Science:Math Exam Resources/Courses/MATH101/April 2016/Question 06 (b)/Solution 1

We first apply the Ratio Test with ${\displaystyle a_{n}={\frac {(x-1)^{n}}{\sqrt {n}}}}$. As

${\displaystyle {\begin{aligned}\lim _{n\rightarrow \infty }{\Big |}{\frac {a_{n+1}}{a_{n}}}{\Big |}&=\lim _{n\rightarrow \infty }{\bigg |}{\frac {{(x-1)^{n+1}}/{\sqrt {n+1}}}{{(x-1)^{n}}/{\sqrt {n}}}}{\bigg |}\\&=\lim _{n\rightarrow \infty }{\bigg (}{\frac {\sqrt {n}}{\sqrt {n+1}}}|x-1|{\bigg )}\\&=\lim _{n\rightarrow \infty }{\bigg (}{\frac {1}{\sqrt {1+1/n}}}|x-1|{\bigg )}=|x-1|,\end{aligned}}}$

the series converges for ${\displaystyle |x-1|<1}$ (in other words, for ${\displaystyle 0<x<2}$) and diverges for ${\displaystyle |x-1|>1}$.

When ${\displaystyle x=2}$, the series reduces to ${\displaystyle \sum _{n=1}^{\infty }{\frac {1}{\sqrt {n}}}}$, which is a divergent ${\displaystyle p}$-series with ${\displaystyle p={\frac {1}{2}}}$.

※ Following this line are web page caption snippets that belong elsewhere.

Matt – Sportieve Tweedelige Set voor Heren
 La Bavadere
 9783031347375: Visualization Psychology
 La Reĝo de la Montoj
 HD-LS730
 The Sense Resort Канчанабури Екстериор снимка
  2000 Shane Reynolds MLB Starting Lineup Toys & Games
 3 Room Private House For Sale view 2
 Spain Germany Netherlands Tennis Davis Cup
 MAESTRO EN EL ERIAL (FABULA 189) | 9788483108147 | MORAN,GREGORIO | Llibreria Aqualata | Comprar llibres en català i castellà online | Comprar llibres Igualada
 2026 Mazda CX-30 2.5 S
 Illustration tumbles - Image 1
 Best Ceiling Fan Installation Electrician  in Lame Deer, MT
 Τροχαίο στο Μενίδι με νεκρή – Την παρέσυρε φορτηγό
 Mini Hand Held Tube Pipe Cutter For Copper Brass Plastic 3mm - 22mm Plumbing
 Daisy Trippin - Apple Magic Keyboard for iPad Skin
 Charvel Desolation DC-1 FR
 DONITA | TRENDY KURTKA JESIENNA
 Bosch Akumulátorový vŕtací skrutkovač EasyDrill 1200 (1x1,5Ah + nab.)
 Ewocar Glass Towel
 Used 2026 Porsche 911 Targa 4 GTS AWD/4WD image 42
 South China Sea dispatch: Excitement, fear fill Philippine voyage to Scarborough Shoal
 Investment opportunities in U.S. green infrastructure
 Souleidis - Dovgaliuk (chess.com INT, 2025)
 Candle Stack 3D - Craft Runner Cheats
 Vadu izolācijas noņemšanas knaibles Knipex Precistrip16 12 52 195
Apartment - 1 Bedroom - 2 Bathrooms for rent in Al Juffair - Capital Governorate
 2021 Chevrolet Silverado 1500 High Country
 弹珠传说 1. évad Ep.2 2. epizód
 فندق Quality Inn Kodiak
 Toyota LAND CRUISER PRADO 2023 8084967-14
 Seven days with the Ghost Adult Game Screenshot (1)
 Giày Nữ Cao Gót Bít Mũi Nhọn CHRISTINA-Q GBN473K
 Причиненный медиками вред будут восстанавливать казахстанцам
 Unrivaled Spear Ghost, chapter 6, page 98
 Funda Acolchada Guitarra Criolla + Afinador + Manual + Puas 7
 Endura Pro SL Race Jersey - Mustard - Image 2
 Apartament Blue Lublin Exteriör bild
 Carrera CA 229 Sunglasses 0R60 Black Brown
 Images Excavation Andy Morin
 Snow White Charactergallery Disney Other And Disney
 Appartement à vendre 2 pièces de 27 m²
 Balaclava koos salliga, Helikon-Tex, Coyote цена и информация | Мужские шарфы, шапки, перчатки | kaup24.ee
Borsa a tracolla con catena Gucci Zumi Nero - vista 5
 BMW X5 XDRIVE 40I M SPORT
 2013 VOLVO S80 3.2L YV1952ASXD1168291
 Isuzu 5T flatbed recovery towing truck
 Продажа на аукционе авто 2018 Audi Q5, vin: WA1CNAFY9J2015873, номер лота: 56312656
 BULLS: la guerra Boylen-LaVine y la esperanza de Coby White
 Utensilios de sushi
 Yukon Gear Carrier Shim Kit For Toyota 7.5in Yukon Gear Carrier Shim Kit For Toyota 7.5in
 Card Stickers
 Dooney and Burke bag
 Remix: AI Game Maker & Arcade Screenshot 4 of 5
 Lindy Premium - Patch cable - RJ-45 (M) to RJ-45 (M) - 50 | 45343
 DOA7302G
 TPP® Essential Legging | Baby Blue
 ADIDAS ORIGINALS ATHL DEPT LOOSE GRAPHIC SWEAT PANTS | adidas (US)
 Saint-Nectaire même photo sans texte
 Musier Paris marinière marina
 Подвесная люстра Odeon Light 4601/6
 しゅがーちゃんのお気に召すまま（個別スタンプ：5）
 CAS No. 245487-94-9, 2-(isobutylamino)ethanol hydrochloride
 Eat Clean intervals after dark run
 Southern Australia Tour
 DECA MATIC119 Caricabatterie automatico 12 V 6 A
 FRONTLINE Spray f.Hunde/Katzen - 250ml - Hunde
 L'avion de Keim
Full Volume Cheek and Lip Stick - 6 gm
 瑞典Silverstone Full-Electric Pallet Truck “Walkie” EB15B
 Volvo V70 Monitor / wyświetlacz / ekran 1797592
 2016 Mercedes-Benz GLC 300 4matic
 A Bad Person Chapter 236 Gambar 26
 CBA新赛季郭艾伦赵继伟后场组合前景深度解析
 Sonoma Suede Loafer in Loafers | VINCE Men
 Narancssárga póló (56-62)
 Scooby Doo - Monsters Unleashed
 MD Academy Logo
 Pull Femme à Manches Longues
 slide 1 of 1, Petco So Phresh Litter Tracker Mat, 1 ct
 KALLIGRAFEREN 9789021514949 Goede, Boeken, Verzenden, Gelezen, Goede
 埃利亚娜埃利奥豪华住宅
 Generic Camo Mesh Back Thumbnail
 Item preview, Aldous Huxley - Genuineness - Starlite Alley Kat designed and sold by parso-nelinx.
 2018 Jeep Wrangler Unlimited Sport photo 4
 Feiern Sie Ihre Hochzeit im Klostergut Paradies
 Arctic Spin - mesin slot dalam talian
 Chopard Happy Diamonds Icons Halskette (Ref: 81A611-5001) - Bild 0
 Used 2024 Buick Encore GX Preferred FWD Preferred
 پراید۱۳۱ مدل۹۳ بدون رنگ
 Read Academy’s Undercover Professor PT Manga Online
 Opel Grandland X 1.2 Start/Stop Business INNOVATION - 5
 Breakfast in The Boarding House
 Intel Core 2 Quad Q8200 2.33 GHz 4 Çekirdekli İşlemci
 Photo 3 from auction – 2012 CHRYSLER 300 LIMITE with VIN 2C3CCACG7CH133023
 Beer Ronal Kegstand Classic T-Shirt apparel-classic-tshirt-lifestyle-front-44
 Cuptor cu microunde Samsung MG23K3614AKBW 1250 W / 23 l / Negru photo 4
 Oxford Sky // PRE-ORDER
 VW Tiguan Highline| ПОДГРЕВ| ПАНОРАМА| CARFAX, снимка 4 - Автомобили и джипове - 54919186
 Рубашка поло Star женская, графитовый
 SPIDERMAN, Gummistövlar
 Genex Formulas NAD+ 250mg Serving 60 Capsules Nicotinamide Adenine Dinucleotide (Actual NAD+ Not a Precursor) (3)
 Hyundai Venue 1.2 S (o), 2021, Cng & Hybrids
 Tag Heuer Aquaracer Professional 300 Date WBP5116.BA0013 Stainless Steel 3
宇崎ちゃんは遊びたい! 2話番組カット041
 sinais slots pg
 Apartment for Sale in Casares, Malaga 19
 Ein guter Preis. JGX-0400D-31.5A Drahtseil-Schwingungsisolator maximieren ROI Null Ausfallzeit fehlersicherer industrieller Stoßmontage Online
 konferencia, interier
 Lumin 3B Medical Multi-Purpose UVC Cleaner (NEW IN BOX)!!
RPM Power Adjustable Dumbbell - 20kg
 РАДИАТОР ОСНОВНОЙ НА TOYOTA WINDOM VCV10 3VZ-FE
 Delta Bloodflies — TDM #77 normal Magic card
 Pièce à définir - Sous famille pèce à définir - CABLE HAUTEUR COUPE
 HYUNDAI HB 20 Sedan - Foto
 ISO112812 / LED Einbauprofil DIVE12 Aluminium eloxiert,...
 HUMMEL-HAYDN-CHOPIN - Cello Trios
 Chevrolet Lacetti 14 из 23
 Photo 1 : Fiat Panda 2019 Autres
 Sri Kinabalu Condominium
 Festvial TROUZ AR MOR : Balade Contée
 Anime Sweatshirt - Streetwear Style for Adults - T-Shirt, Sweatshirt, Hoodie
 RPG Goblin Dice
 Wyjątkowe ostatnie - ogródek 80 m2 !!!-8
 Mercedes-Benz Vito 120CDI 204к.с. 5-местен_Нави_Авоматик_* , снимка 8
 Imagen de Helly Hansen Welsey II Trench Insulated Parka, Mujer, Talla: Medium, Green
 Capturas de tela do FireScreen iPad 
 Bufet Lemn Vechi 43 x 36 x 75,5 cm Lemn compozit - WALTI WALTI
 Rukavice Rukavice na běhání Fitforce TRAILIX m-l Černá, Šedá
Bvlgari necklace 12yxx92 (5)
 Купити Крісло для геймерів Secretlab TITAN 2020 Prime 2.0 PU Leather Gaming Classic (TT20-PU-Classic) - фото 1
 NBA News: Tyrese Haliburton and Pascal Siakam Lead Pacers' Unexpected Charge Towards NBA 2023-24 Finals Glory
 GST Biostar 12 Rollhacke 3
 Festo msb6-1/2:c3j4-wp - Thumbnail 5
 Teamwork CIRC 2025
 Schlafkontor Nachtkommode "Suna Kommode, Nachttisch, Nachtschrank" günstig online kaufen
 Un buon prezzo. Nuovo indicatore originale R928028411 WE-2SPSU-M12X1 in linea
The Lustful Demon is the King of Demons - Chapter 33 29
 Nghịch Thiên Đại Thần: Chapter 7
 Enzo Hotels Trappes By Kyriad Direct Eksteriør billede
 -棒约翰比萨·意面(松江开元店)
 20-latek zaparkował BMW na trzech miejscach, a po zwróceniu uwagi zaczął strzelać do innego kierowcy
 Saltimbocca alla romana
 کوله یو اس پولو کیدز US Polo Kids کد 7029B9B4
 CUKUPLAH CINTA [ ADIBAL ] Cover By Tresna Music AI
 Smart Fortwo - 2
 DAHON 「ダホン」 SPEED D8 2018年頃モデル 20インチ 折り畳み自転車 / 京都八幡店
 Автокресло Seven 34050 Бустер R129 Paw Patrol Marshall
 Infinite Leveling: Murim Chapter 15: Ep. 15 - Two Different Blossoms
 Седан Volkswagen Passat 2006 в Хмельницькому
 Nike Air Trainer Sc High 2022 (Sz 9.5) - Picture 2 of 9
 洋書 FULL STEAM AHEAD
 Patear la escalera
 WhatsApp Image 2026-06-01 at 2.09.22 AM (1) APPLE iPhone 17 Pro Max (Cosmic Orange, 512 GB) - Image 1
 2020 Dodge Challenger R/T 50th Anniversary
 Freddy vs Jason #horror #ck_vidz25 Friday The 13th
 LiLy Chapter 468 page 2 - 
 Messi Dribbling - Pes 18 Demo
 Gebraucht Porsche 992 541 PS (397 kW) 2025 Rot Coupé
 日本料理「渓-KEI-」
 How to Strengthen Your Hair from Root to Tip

On the other hand, when ${\displaystyle x=0}$, the series reduces to ${\displaystyle \sum _{n=1}^{\infty }{\frac {(-1)^{n}}{\sqrt {n}}}}$, which converges by the Alternating Series Test.

So the interval of convergence is ${\displaystyle [0,2)}$.